Present
Oliver rushed into the living room, his breath shallow, his pulse a hammering echo in his ears. Near the window, a faint white glimmer shimmered against the darkened glass. His heart clenched. He knew that glow.
"Leah?" His voice wavered, betraying the mix of hope and fear tightening in his chest.
But the moment the name left his lips, he realized—this wasn't her.
Instead, a woman stood near the window, draped in a faded blue terry bathrobe. The right side of the fabric gaped open, a deep crimson stain staining the soft material. Her hair was cropped short, shorter than Oliver's, and her skin had the same pale translucence they all did. The dead always looked like that—faded, untethered, not quite real.
Her eyes locked onto his. "You can see me?" she asked, her voice edged with hesitation as if she wasn't entirely convinced she existed at all.
Oliver hesitated. He had mere seconds to decide. Acknowledge her, and he risked opening that door again—the one he had slammed shut after Mary's death. Ignore her, and maybe—just maybe—Leah wouldn't come either.
His throat felt dry. It had been nearly four years since he had seen a spirit. He had spent the first year after Mary's passing pretending ghosts didn't exist, willing himself blind to their presence.
He exhaled sharply. "Yes."
Relief flickered across the woman's weary face. "Did you see me before?"
Oliver shook his head. "No. Just now." He narrowed his gaze. "Who are you?"
She sighed as if she had been waiting years for someone to ask. "My name is Ann."
Oliver took a cautious step closer, eyeing the dark stain on her robe. "How long have you been here?"
Ann glanced toward the window, her gaze unfocused, drifting somewhere beyond the present. "I'm not sure," she admitted, voice distant. "My son looks older now." A pause. Then, as if shaking off the fog, she turned to him. "When did you move here, Oliver?"
"Two years ago," he answered, though his mind was elsewhere—still searching, still hoping. Leah. Would she come too?
Ann frowned. "It feels like just yesterday to me." A shadow crossed her face—confusion, sorrow, something deeper.
Oliver had seen this before. "That happens sometimes. When you're..." He hesitated, searching for the least jarring way to say it. "Dead." Ann barely reacted. She simply glanced down at herself, as if seeing the evidence of her death for the first time. Oliver motioned toward the bloodied gap in her robe. "Is that why you're here?"
Her brows furrowed. "No. That resolved quickly—or at least, that's what I understand."
Oliver ran a hand through his curls. "Then why are you here?

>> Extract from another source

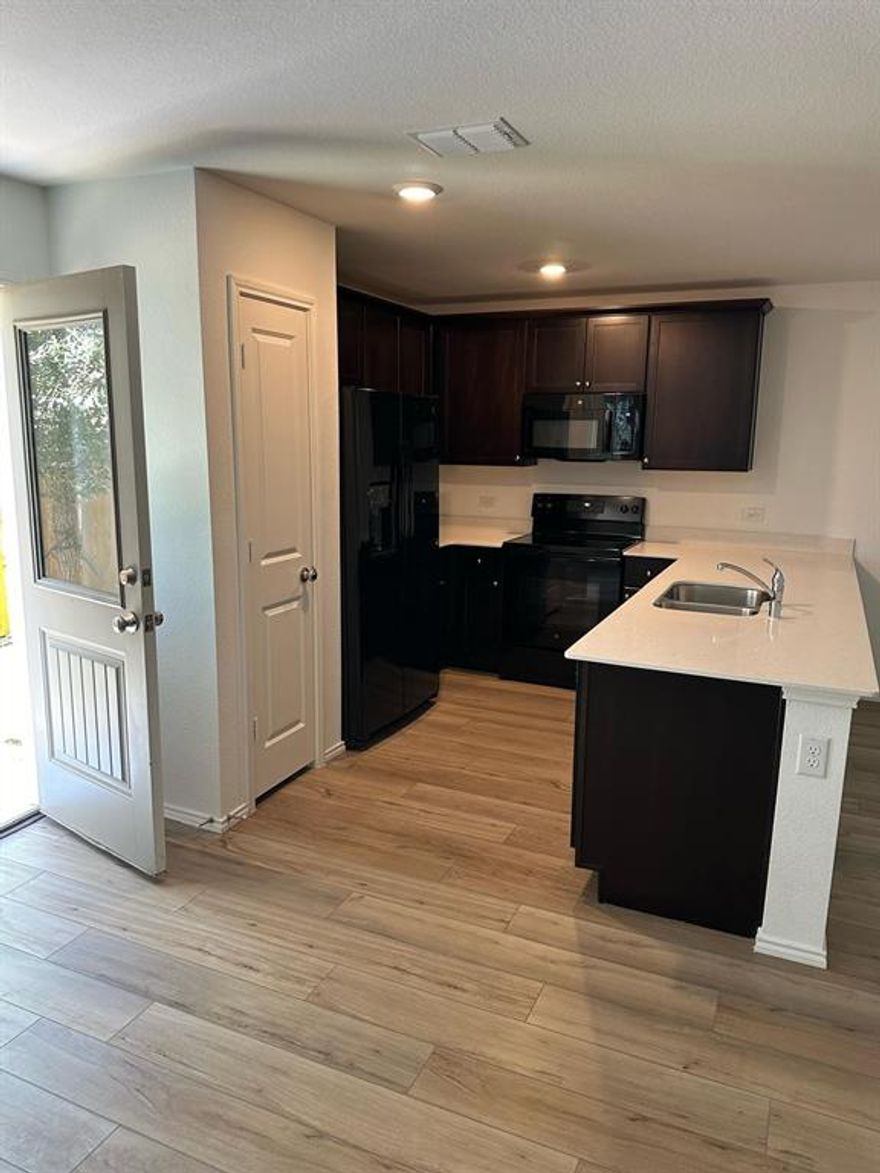 This beautiful two-story home, built in 2023 offers 4 bedrooms, 2.5  bathrooms, and a two-car attached garage. This home comes with a REFRIGERATOR, WASHER and DRYER included, making it move-in ready. The home is just minutes from Bishop Arts District, UT Southwestern, Parkland Hospital, the Medical District, Dallas Love Field, and Uptown, offering easy access to all that Dallas has to offer. Trinity Groves and Downtown Dallas are also nearby, making this location even more convenient.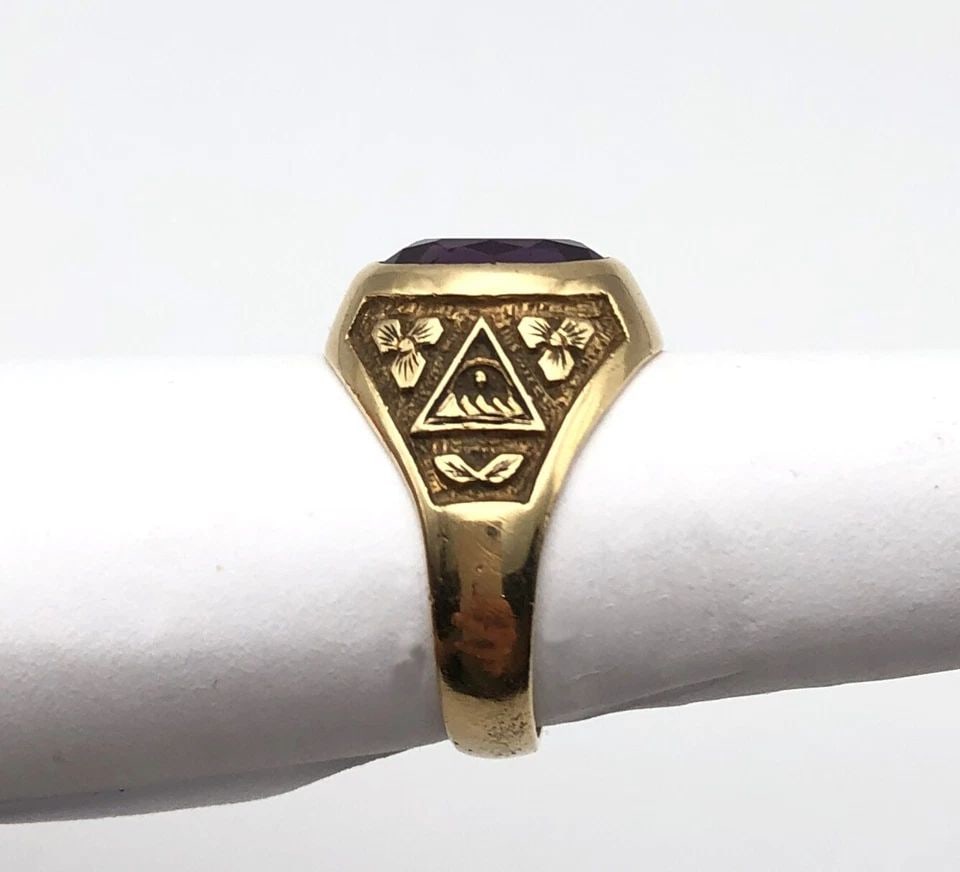 REPUBLIC OF NICARAGUA 18K YELLOW GOLD RING WITH AMETHYST (SIZE: 8.25) 11.1 GRAM (1 of 2)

Didn't you see the light?"
Ann's expression twisted with confusion. "Light?"
Oliver sighed. He had forgotten how lost some of them could be. "Yeah. When you die, there's supposed to be a light. Unless, of course, you have unfinished business here."
Ann took a slow step toward him. "What's in that light?"
Oliver instinctively tensed. Even after years of seeing spirits, it still unsettled him when they moved like that—too fluid, too silent. "It's different for everyone," he explained. "Usually, it's the people you love. The ones you lost, waiting for you."
She was quiet for a long moment, staring past him. "I didn't see that," she admitted. "I was too worried about my son." A faint crease appeared between her brows. "Does that count as unfinished business?"

YOU ARE READING
Talk To Me
ParanormalOliver Brown holds the gift of seeing spirits. After losing his grandmother, he neglected the purpose of his ability, and soon after, lived a ghostless life. But when Oliver's younger sister is discovered murdered in the woods, he desperately wanted...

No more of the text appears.